Quel est le coût de l'épuisement professionnel pour l'entreprise ?
L'épuisement affecte trois dimensions à la fois : la performance, la santé et la rétention. Pour beaucoup d'entreprises, la facture se traduit par de l'absentéisme, du présentéisme et du désengagement.
Des estimations américaines récentes évaluent que le désengagement lié à l'épuisement peut coûter jusqu'à 5 millions de dollars par an à une entreprise de 1 000 personnes, en absentéisme, turnover et perte de productivité. À l'inverse, les entreprises qui priorisent le bien-être voient, selon les mêmes travaux, une augmentation de 67 % de la performance et une productivité supérieure de 21 %. Pourtant, selon Mercer, moins de la moitié des employeurs ont repensé le travail en tenant compte du bien-être, et moins d'un tiers considèrent l'épuisement comme un risque majeur.
Côté français, le raisonnement économique est le même, avec des leviers de mesure spécifiques (arrêts maladie, taux d'absentéisme, turnover, coût de remplacement). Nous détaillons ce cadre d'analyse dans notre article sur le coût de l'absentéisme des aidants en entreprise.

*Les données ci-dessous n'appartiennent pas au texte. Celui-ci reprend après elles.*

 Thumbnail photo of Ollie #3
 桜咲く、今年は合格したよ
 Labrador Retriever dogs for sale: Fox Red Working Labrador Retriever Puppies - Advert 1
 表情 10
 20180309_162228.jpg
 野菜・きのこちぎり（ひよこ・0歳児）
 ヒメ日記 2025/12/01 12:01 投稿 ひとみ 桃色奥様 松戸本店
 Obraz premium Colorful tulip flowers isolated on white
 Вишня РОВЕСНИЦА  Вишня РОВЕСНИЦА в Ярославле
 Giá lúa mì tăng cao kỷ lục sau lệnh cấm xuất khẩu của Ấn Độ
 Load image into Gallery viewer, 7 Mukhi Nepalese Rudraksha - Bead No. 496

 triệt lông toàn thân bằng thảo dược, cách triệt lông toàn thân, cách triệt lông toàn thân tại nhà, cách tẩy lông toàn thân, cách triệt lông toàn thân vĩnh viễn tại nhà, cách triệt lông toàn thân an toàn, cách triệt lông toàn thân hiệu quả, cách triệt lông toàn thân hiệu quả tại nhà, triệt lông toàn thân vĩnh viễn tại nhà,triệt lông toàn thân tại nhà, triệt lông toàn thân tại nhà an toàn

Comment agir concrètement : les leviers pour les employeurs en 2025
L'épuisement est un problème structurel, pas un échec personnel. Le résoudre demande plus qu'une application de méditation ou un webinaire annuel. Voici les cinq leviers que nous recommandons aux employeurs, sur la base de ce qui fonctionne réellement dans les accompagnements Prev&Care.

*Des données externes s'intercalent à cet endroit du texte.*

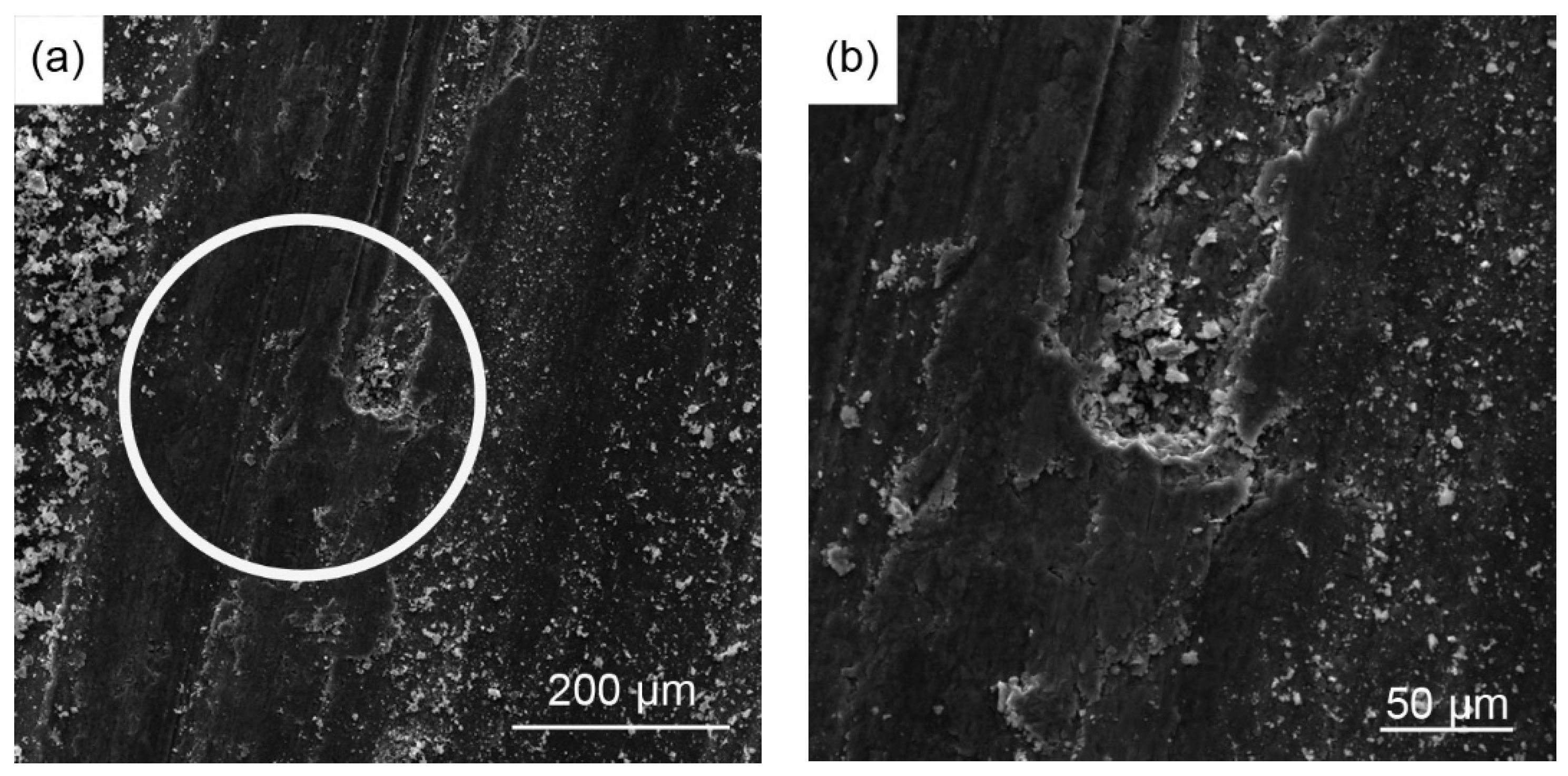 Applsci 08 00372 g010a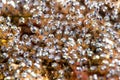 Clownfish eggs brood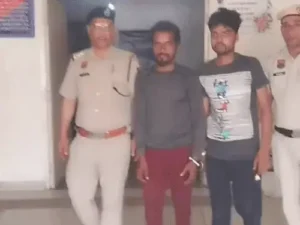 ezgif-5913e2415af8343a-1_1773399473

Identifier les groupes à risque
Jeunes salariés, salariés aidants, managers intermédiaires, parents en situation de tension : ce sont les populations à cibler en priorité. Un diagnostic interne (enquête, entretiens, analyse des arrêts) permet d'objectiver la répartition avant de dimensionner les dispositifs.

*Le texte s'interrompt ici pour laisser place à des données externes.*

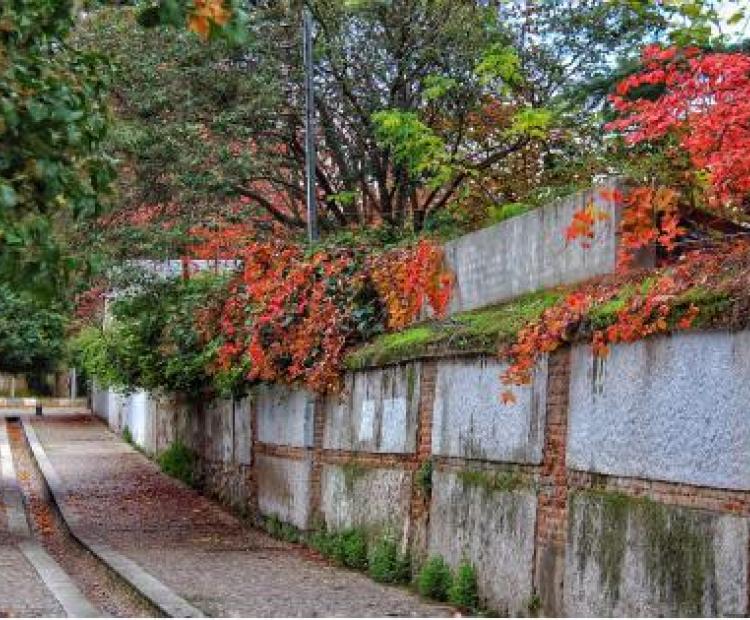 calle yedras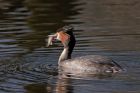 gcGrebe_180212k.jpg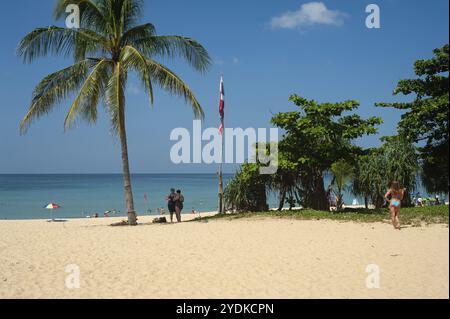 16.11.2019, Phuket, Thailand, Asien, Urlauber unter einer Palme am Karon Beach, ein beliebtes Reiseziel für russische Touristen, Asien Stockfoto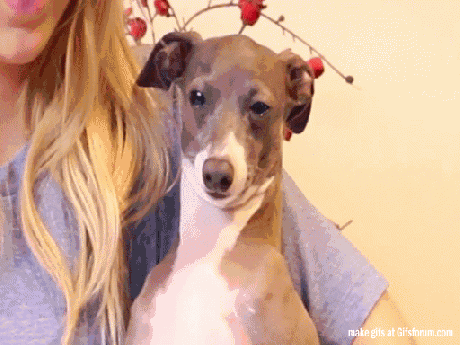 Acid Gifdump, November 23, 2016 (25 gifs)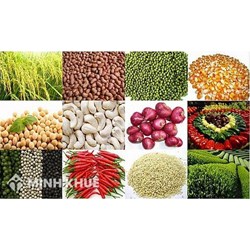 Thuế giá trị gia tăng (GTGT) của hàng thực phẩm là bao nhiêu %?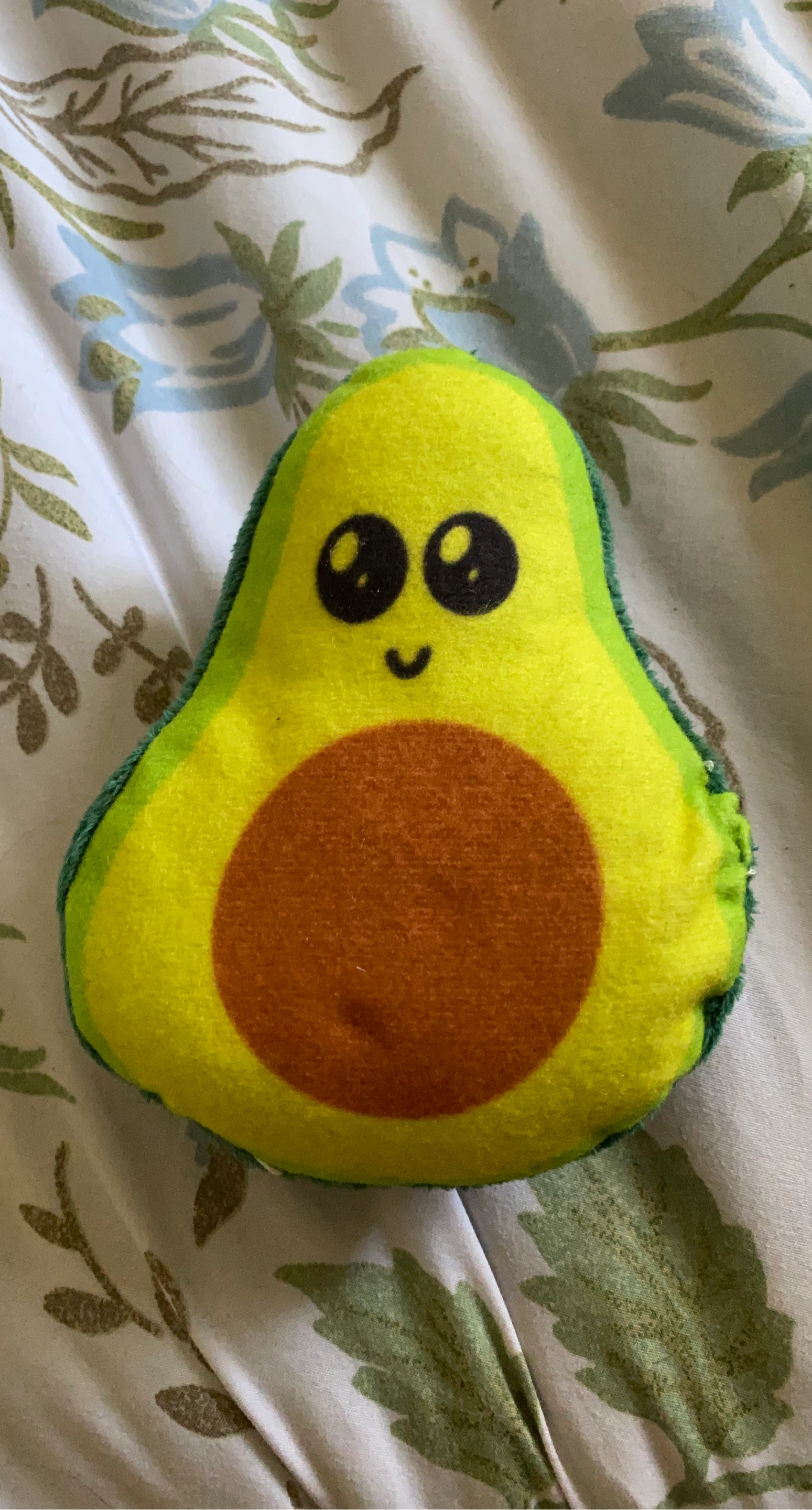 Plush Avocado Toy
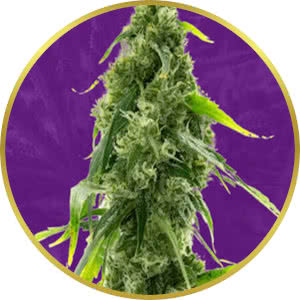 AK-47 Autoflower Feminized Seeds for sale from Crop King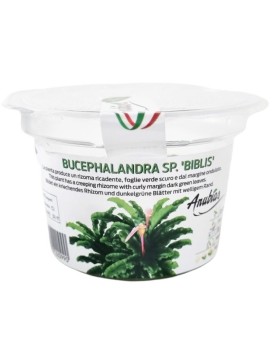 Bucephalandra sp Biblis - In Vitro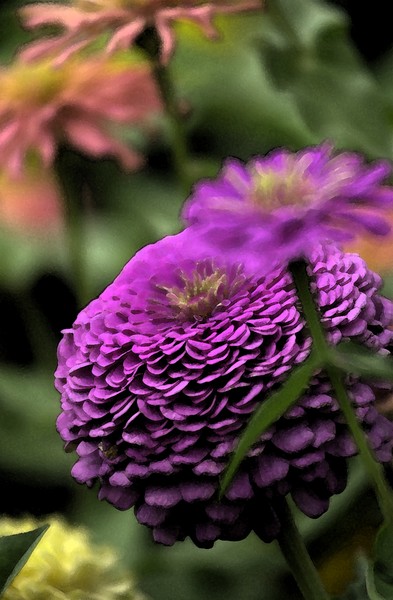 mum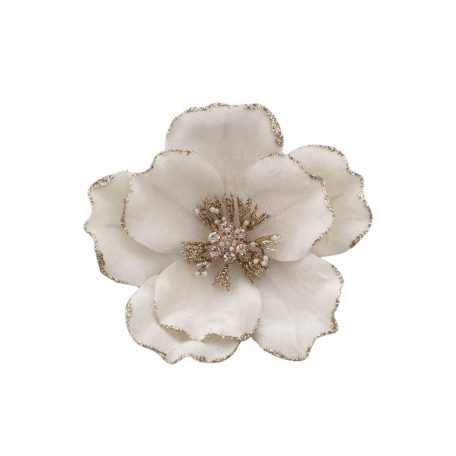 Fehér magnólia - 15 cm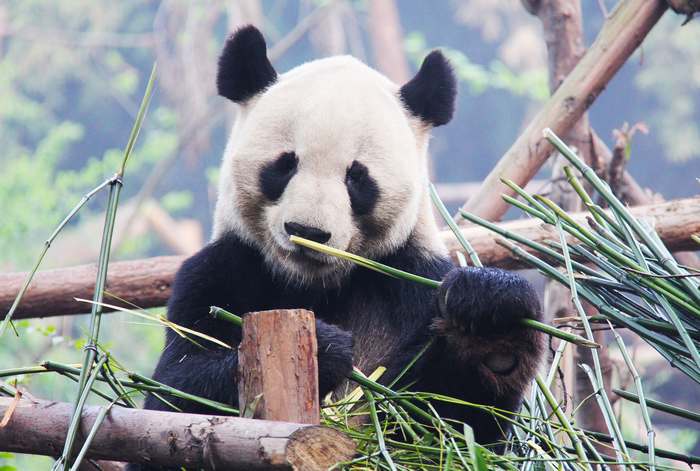 Большая панда (Ailuropoda melanoleuca), фото фотография хищные млекопитающие
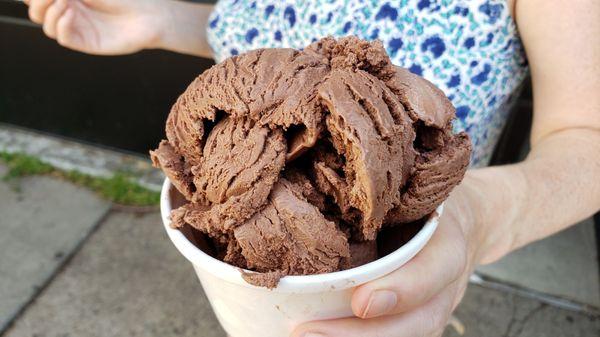 Vegan dark chocolate scoop ($5.25, cash only). Giant scoop. Tasted fine, but was likely a store brand.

Poser de meilleures limites
Revoir la charge de travail, les normes de communication et les attentes hors horaires. Un droit à la déconnexion explicite, appliqué en premier par le comité de direction, produit plus d'effets qu'un discours sur le bien-être.
Soutenir concrètement les responsabilités d'aidant
Proposer des congés flexibles, du backup care (solutions de garde d'urgence), un accompagnement personnalisé par un Care Manager pour identifier les droits, les prestataires, les démarches. C'est souvent ce qui fait la différence entre un salarié qui tient et un salarié qui s'arrête.
Rendre le soutien en santé mentale réellement accessible
Les dispositifs doivent être visibles, simples à activer, confidentiels et relayés par les managers. Un salarié n'utilise un service que s'il sait qu'il existe, qu'il y a droit, et qu'il ne sera pas jugé pour l'avoir mobilisé.
Repenser le travail pour la capacité humaine
Aligner les attentes, les objectifs et les cycles de feedback sur le fonctionnement réel des personnes, pas sur une capacité théorique idéalisée. C'est le chantier le plus long, mais celui qui protège durablement contre l'épuisement.
En France, 2025 est marquée par une visibilité accrue des questions de santé mentale au travail. Les employeurs qui prennent le sujet au sérieux dès maintenant, en combinant leviers RH classiques et accompagnement individualisé des situations complexes (aidance, parentalité sous tension, retour d'arrêt), sont ceux qui préservent à la fois leur performance et leurs équipes.